At the time, there really was no such thing as Eastern or Western Europe. First of all, Europeans didn't yet call themselves Europeans, they called themselves Christians and Europe was Christendom. The core of Christendom was somewhere between Rome and the Holy Roman Empire. In medieval times the difference in the level of social and economic development between Western Europe and Poland or Hungary was far less than it is today, and in some instances the eastern kingdoms managed to achieve a par level of wealth with their Western brethren. In some important military categories the east was seen to be more developed than the West at the time. The concept of "Eastern Europe" (meaning a less developed extension of the West) was born in the 18th century as the mega-empires (Russia, Austria, Prussia) began to swallow up the old medieval kingdoms of Central Europe. In the 17th century an independent Transylvania took part in the Thirty Years War as an equal partner with the Palitinate, Bohemia, Denmark and Sweden but by the 18th century Transylvania was relegated to Habsburg internal affairs; by the 19th an Irish novelist was writing about Transylvania like it was in deepest darkest Africa. Western ascendancy really derives from the era of the Age of Exploration and the discovery of the Americas.

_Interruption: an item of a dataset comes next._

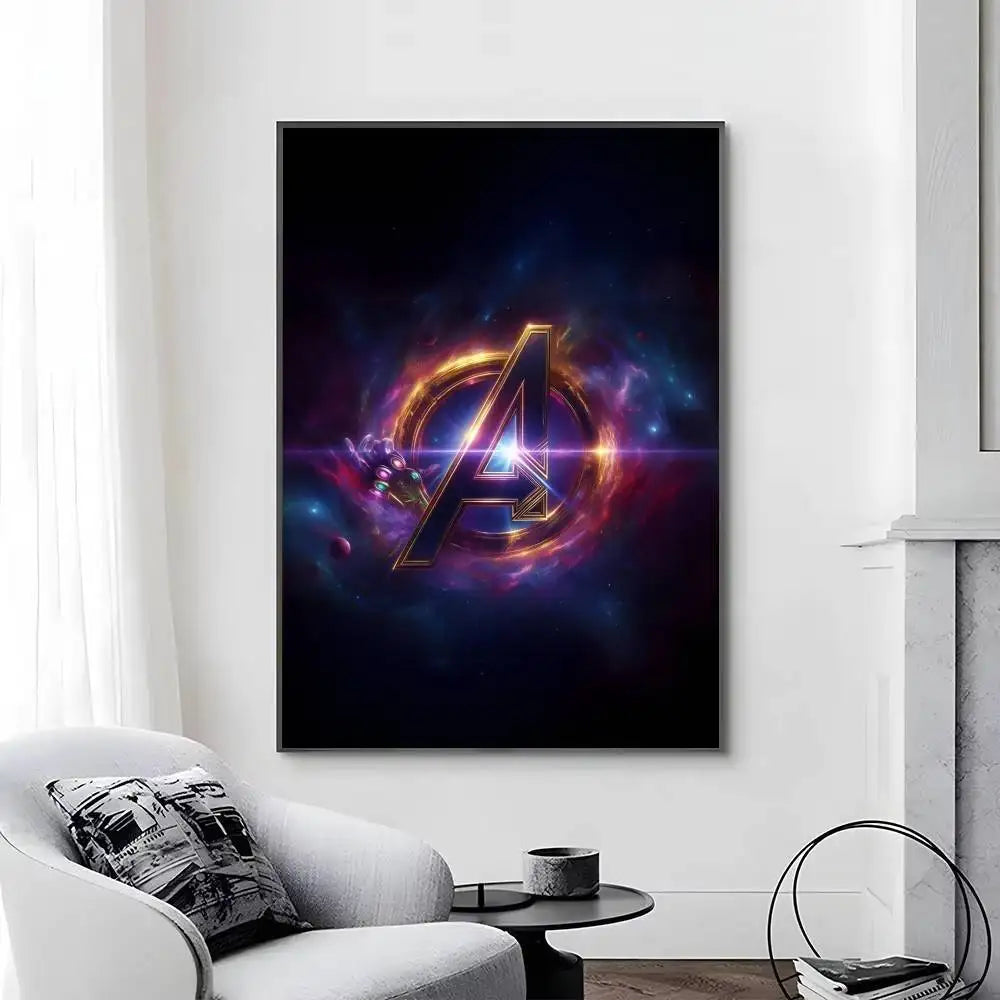Avengers Infinity War-poster - Minimalistisch Logo A-ontwerp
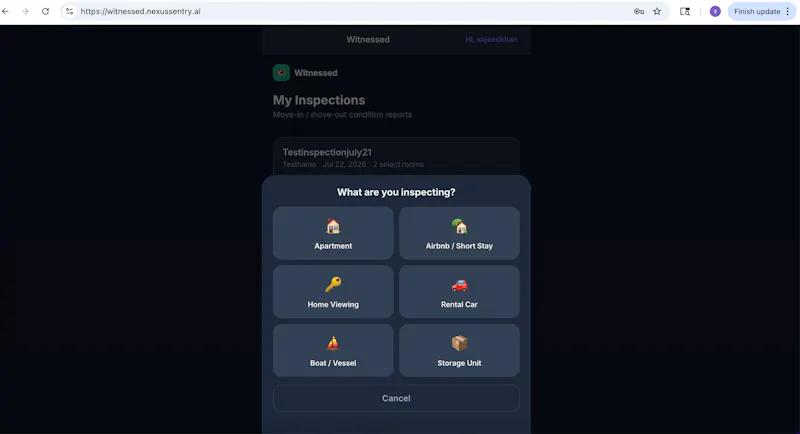 Witnessed screenshot 3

Secondly, while we don't really know the Mongols' intentions in 1241, the likely reason they stopped - initially - in the Hungarian Plain was exactly that - that it was a plain. The Mongols relied on horses, and an army of horses need lots of flat grasslands. Hungary is in the Carpathian Basin, an easily defended region that would support an army of horses well. By destroying Poland and Bohemia to the north of Hungary, the Mongols ominously left open a door on the northern European plain that stretches all the way to France and the Atlantic north of the Alps. Again, with the destruction of the Polish-German army at Legnica, most historians today agree there was no possible combination of forces in the West at the time capable of stopping the Mongols. As Klazlo mentioned the Hungarians had successfully marauded in the West in the late 9th and early 10th centuries (reaching Paris and even Iberia) until being stopped at Lechfeld/Augsburg in 955, but the Mongols were a far more sophisticated enemy with siege machines and fortifications experts from across Asia. Maybe the Mongols stopped in Hungary to regroup, maybe they were concerned about their southern (Islamic) flank, maybe they thought their supply lines too lengthy; in any event there is no reputable historian today claiming that the Mongols stopped because they were intimidated by the West's military prowess.
I know it's hard to imagine a time when the West wasn't the premier military and economic power but the fact is its power is relatively recent in origin. The West's military power of the 19th century was unchallengable, but the West's military power in the 13th century was negligible at best.